## Activity:
What you return must be the lines of the data that hold the word "Camera".

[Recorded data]
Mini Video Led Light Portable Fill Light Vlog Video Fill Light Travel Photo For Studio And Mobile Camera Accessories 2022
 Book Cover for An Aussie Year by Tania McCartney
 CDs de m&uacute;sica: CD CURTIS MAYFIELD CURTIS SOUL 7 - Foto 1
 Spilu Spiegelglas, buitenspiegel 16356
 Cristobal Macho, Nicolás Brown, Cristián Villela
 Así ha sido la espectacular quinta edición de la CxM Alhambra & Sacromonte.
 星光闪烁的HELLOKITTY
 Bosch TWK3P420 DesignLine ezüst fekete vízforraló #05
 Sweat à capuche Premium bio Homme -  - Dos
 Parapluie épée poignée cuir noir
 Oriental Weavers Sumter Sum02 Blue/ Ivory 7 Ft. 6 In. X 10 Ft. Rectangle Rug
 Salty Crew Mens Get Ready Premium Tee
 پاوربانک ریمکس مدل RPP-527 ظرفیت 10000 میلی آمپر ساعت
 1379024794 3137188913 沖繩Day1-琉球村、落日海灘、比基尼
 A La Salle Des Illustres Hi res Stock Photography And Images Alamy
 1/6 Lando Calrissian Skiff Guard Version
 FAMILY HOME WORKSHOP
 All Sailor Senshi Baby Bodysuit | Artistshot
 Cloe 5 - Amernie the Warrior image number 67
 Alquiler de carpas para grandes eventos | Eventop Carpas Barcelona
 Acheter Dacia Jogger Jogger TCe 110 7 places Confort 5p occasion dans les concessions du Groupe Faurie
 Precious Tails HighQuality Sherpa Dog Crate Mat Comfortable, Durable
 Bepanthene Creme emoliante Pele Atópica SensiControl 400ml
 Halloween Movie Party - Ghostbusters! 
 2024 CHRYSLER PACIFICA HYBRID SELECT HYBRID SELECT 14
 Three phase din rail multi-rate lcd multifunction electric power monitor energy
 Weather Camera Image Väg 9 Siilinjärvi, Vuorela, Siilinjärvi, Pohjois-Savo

## Reply:
Mini Video Led Light Portable Fill Light Vlog Video Fill Light Travel Photo For Studio And Mobile Camera Accessories 2022
 Weather Camera Image Väg 9 Siilinjärvi, Vuorela, Siilinjärvi, Pohjois-Savo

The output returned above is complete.